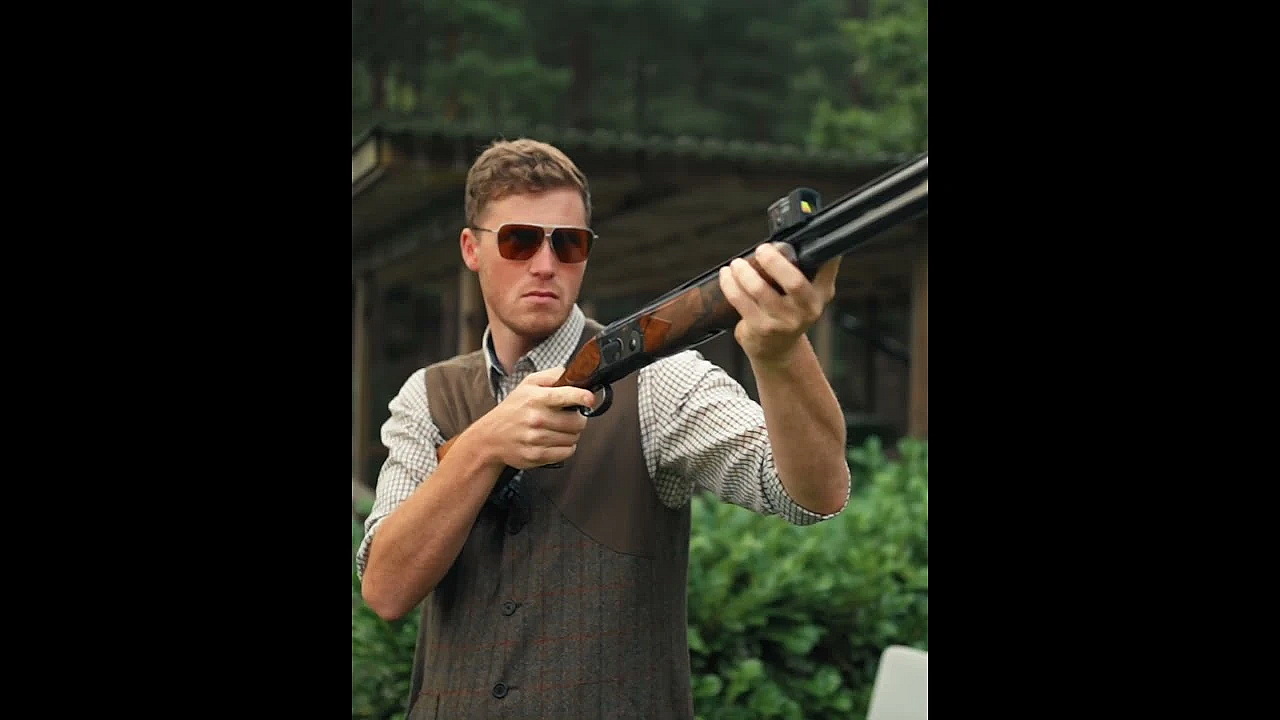 Aimpoint Short 2 V1 #hunting #gungear #factorytour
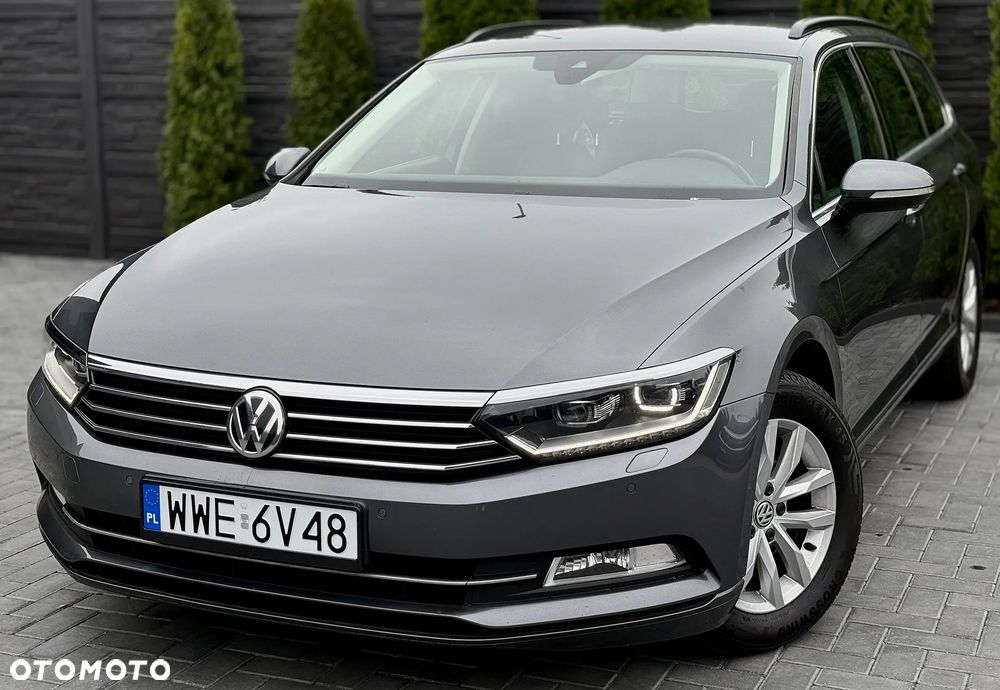 Volkswagen Passat 2.0 TDI BMT Comfortline - 1
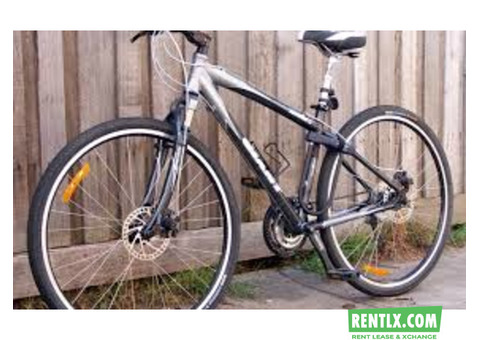 Cycle on Rent in Nashik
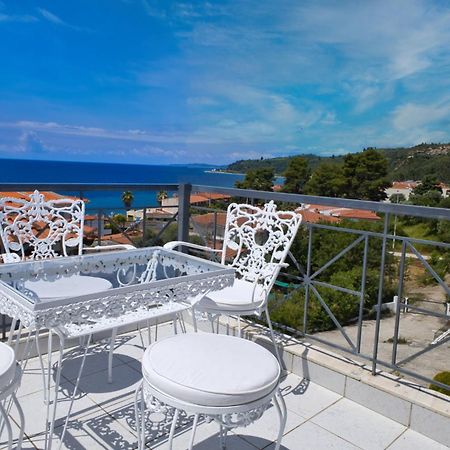 Maison Ciel Агия Параскеви Екстериор снимка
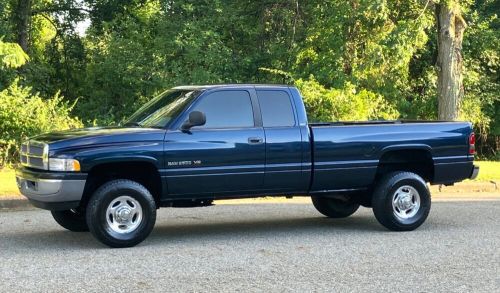 2001 dodge ram 2500 slt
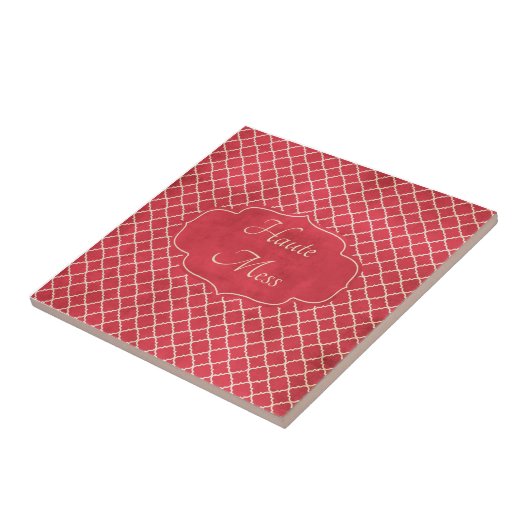 Carreau Haute Mess Funny (Côté)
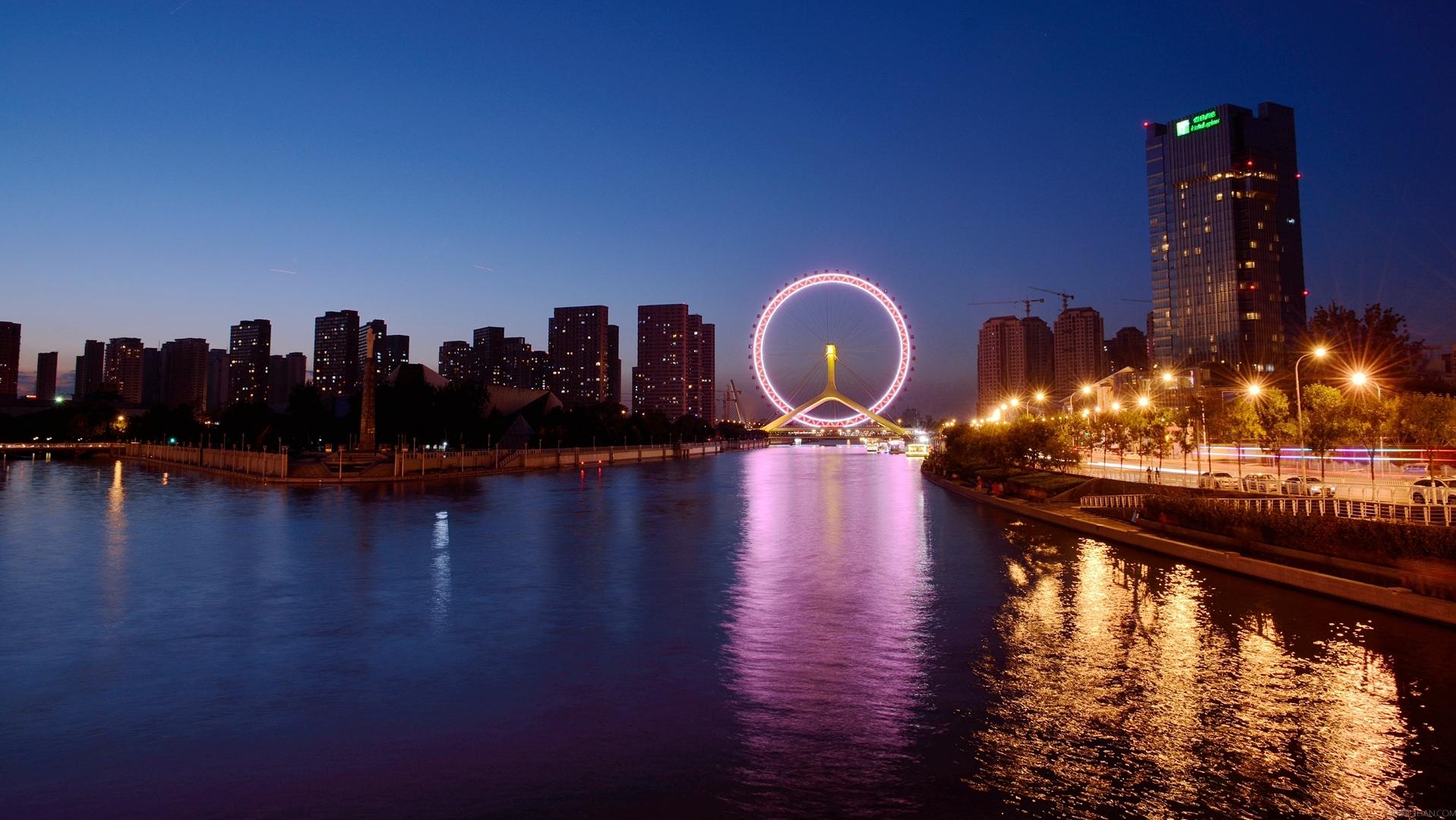 天津的魅力，历史文化的璀璨之都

== What to produce ==
Output all of the data above exactly; no pictures should appear.

== Solution below ==
 Aimpoint Short 2 V1 #hunting #gungear #factorytour
 Volkswagen Passat 2.0 TDI BMT Comfortline - 1
 Cycle on Rent in Nashik
 Maison Ciel Агия Параскеви Екстериор снимка
 2001 dodge ram 2500 slt
 Carreau Haute Mess Funny (Côté)
 天津的魅力，历史文化的璀璨之都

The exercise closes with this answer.